RSEMのヘルプの‐‐bowtie2オプションの説明にヒントが有った。
--bowtie2
Use Bowtie 2 instead of Bowtie to align reads. Since currently RSEM
does not handle indel, local and discordant alignments, the Bowtie2
parameters are set in a way to avoid those alignments. In
particular, we use options '--sensitive --dpad 0 --gbar 99999999
--mp 1,1 --np 1 --score-min L,0,-0.1' by default. The last parameter
of '--score-min', '-0.1', is the negative of maximum mismatch rate.

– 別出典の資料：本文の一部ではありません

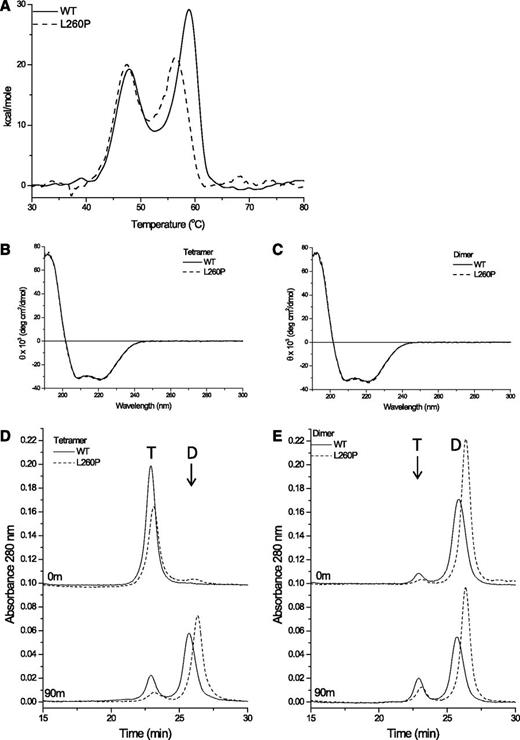 Figure 2. Structural properties of WT and L260P mini-spectrins. (A) Representative differential scanning calorimetry (DSC) scans of WT and L260P tetramers. DSC analysis was performed in 10 mM sodium phosphate, 130 mM NaCl, and 1 mM Tris(2-carboxyethyl)-phosphine hydrochloride (TCEP) pH 7.4 using a scan rate of 30°C/h over the temperature range of 20-90°C at a protein concentration of 0.5 mg/mL. (B) Representative circular dichroism (CD) results from WT and L260P tetramer. CD analysis was performed in 10 mM sodium phosphate, 130 mM sodium fluoride, and 0.1 mM TCEP pH 7.4 using a protein concentration of 0.16 mg/mL. (C) CD analysis of WT and L260P dimers at 0.18 mg/mL. (D) A total of 100 pmol mini-spectrin tetramer injected immediately after isolation at 4°C in 10 mM sodium phosphate, 130 mM sodium chloride, 0.1 mM EDTA, 0.15 mM phenylmethylsulfonyl fluoride, 1 mM TCEP pH 7.0 (upper panel), and after 90 minutes’ incubation at 37°C (lower panel). (E) A total of 100 pmol mini-spectrin dimers injected immediately after isolation at 4°C (upper panel) and after 90 minutes’ incubation at 37°C (lower panel).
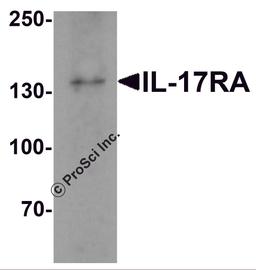 Western blot analysis of IL17RA in A20 cell lysate with IL17RA antibody at 1 μg/mL.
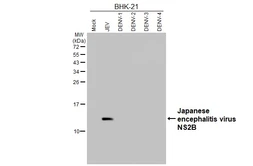 Anti-Japanese encephalitis virus NS2B antibody [HL5581] used in Western Blot (WB). GTX646263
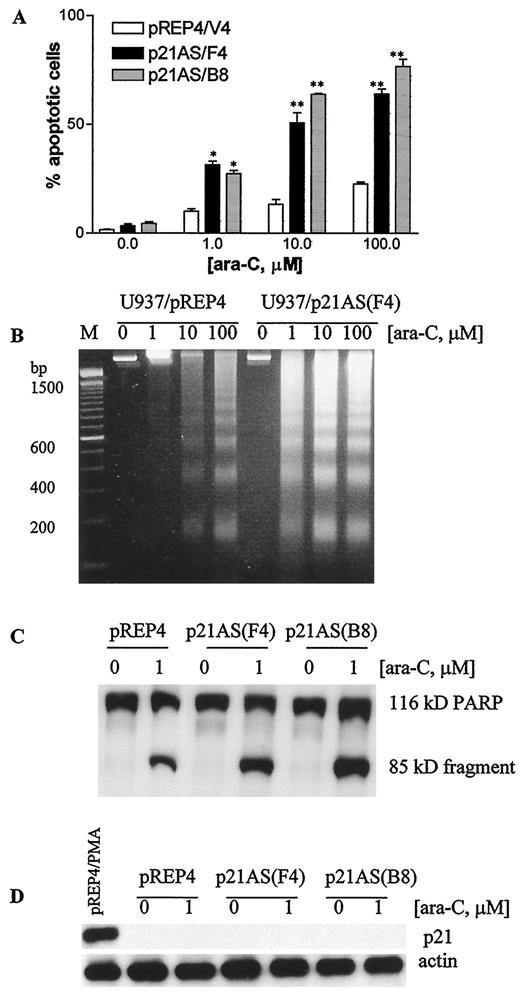 Fig. 1. A, cells containing an empty vector (pREP/V4) and two antisense-expressing clones (p21AS/F4 and B8) were exposed to the designated concentration of ara-C for 6 h, after which the percentage of apoptotic cells was determined by evaluating Wright Geimsa-stained specimens as described in the text. Values represent the means for three separate experiments; bars, ±1 SD. *, greater than values for empty vector controls; P ≤ 0.05; **, P ≤ 0.02. B, DNA was extracted from empty vector control and antisense-expressing cells (AS/F4) after a 6-h exposure to the designated concentration of ara-C, subjected to agarose gel electrophoresis, and stained with propidium iodide to visualize internucleosomal DNA cleavage patterns. A standard DNA ladder is shown in the left lane. C, after exposure to 1 μm ara-C for 6 h, cells were lysed, protein was extracted, and expression of PARP (20 μg/condition) was assessed by Western analysis as described in the text. Proteolysis of native Mr 116,000 PARP to its Mr 85,000 cleavage product characteristically occurs in cells undergoing apoptosis. D, Western analysis of p21WAF1/CIP1 expression after exposure of cells to 1 μm ara-C for 6 h. An extract from pREP4 cells treated with 10 nm PMA for 24 h was used as a positive control.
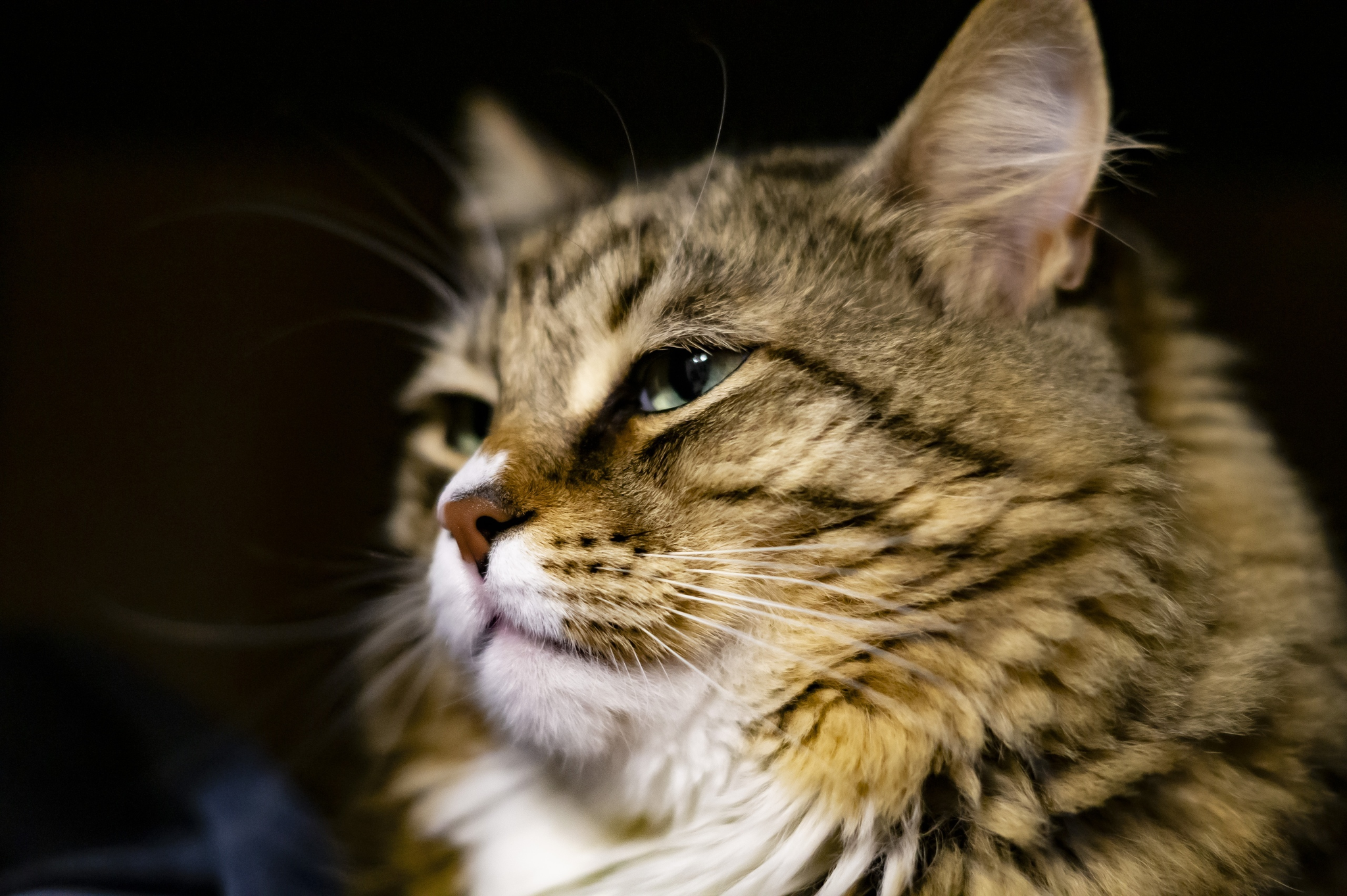 Just a cat. Without crisis, politics and coronavirus - My, cat, Sony alpha 58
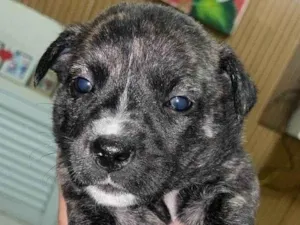 Cachorro raça SRD-ViraLata idade Abaixo de 2 meses nome Tião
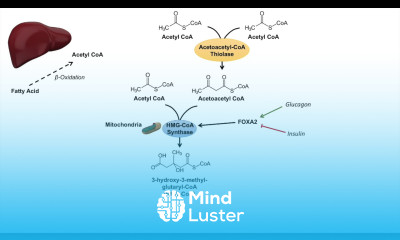 Ketone Body Synthesis Ketogenesis Formation Pathway and Regulation
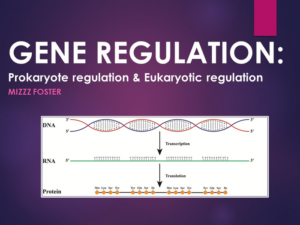 gene regulation: prokaryotic (lac operon) and eukaryotic regulation power point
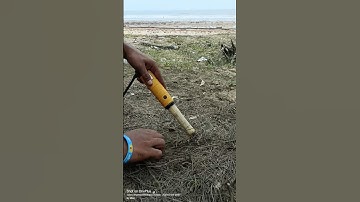 metal detecting with just a pinpointer #shorts#short #youtubeshorts#viral #viralvideo #trending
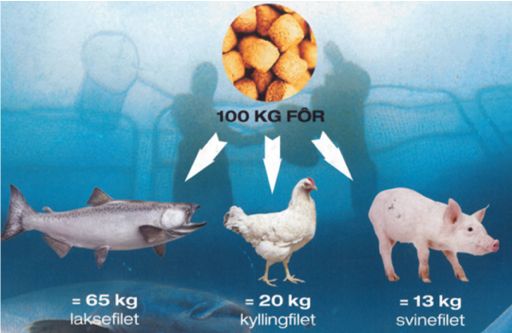 går til landbasert matproduksjon BÆREKRAFT & RESSURSUTNYTTELSE I MAT(PROTEIN-)PRODUKSJON!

This rate can be set by option '--bowtie2-mismatch-rate'. If reads
are paired-end, we additionally use options '--no-mixed' and
'--no-discordant'. (Default: off)つまり
--sensitive --dpad 0 --gbar 99999999 --mp 1,1 --np 1 --score-min L,0,-0.1
というオプションがデフォルトで入っているらしい。
なので上のパイプラインの1行目を
$ bowtie2 --sensitive --dpad 0 --gbar 99999999 --mp 1,1 --np 1 --score-min L,0,-0.1 -p 40 -x rsem_db/transcript_db -U input_reads_1_trim50.fastq.gz -S output_prefix.sam 2> output_prefix_mapping_report.txt
としてやることでRSEM内部での動作と同等にしてやることが可能となった。
今後ローカルアライメントを受け付けるリードカウントについては検討の余地があると思う。そもそもbowtie2を使いたかったのもローカルアライメントが使えるからであり、それが使えないならSTARでマッピングしても同じようなものだから。bowtie2を内部で実施しないなら、そもそもRSEMを使う必然性も低く、これにかわるリードカウント方法を考えてもいいように思う。RSEMのカウントが比較的正確だ、というのもあるけど。